Nestle reveals secret project to build food ‘replicator’ that can create personalised meals to give people exactly the nutrients they need
Nespresso machine have taken the coffee world by storm – and now Nestle hopes a new food making system could have a similar effect on the way we eat.
The firm is developing a ‘food replicator’ that bosses describe as ‘the next microwave’.
It will deliver meals personalised for each user, with exactly the right balance of nutrients they need for a healthy diet.
Nestlé wants a Star Trek style ‘replicator’ that scans you to create nutritionally perfect food
It looks like 3D printers are going to give us the best chance to ‘dial up’ a meal science fiction style -but food giant Nestlé has gone one better and said they’re also working on a machine that can figure out the nutrients our body needs as well.

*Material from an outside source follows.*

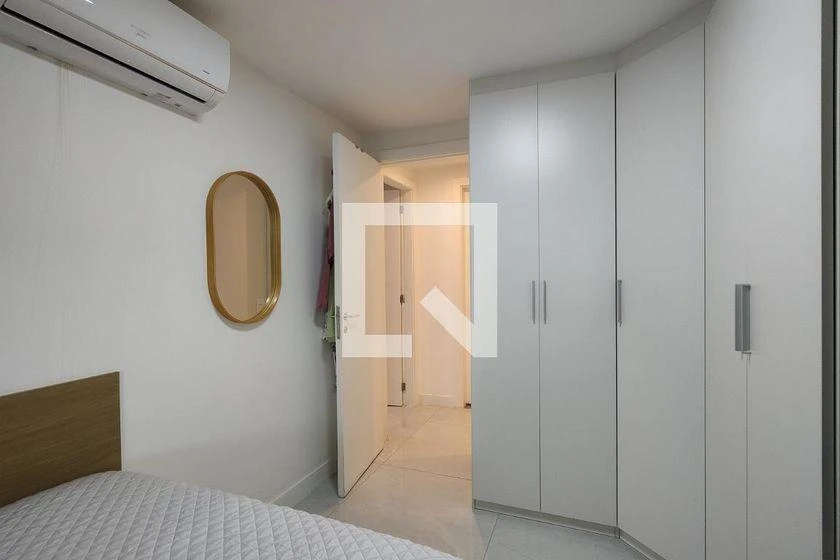 3-bedroom apartment with a walk-in closet — photo 30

Bloomberg reports that the project (which has been inexplicably code-named ‘Iron Man’) would analyse an individuals’ dietary deficiencies, studying a range of factors from carbohydrates to cholesterol to produce highly personalized meals.
“Iron Man is an analysis of what’s missing in our diets, and a product, tailored to you, to help make up that difference,” Ed Beagle, the director of Nestlé’s Institute of Health Sciences research arm, told Bloomberg. “In the past, food was just food. We’re going in a new direction.”
Ah, the spirit of invention and innovation, alive and well Nestlé! Aren’t they a wonderful, forward-thinking, positive company about whom we should only have warm, fuzzy and happy thoughts – thoughts like the ones this press-release-published-as-news engender?
It’s almost enough to make one forget that Nestlé are a company who’ve been the subject of a widespread public boycott for over 30 years over their aggressive promotion of baby formula in developing countries with poor access to clean drinking water.
In fact, the positive-if-entirely-speculative story about something Nestlé have suggested they might look at in the future might have changed some people’s minds about the company – maybe.
Yet, there’s something slightly disingenuous about Nestlé’s claims to develop a machine that would give its user ‘exactly the nutrients they need’. After all, Nestlé Chairman Peter Brabeck-Letmathe has only recently confirmed he recognises the importance of water to people, having previously argued that water is not a basic human right.
While it’s impossible to say whether the story about the future, possible, one-day development of an ‘everything you need’ machine is linked to Nestlé’s recent ‘we don’t actually think everyone *needs* access to water’ position, the timing is still interesting. Is there a food-security version of greenwashing?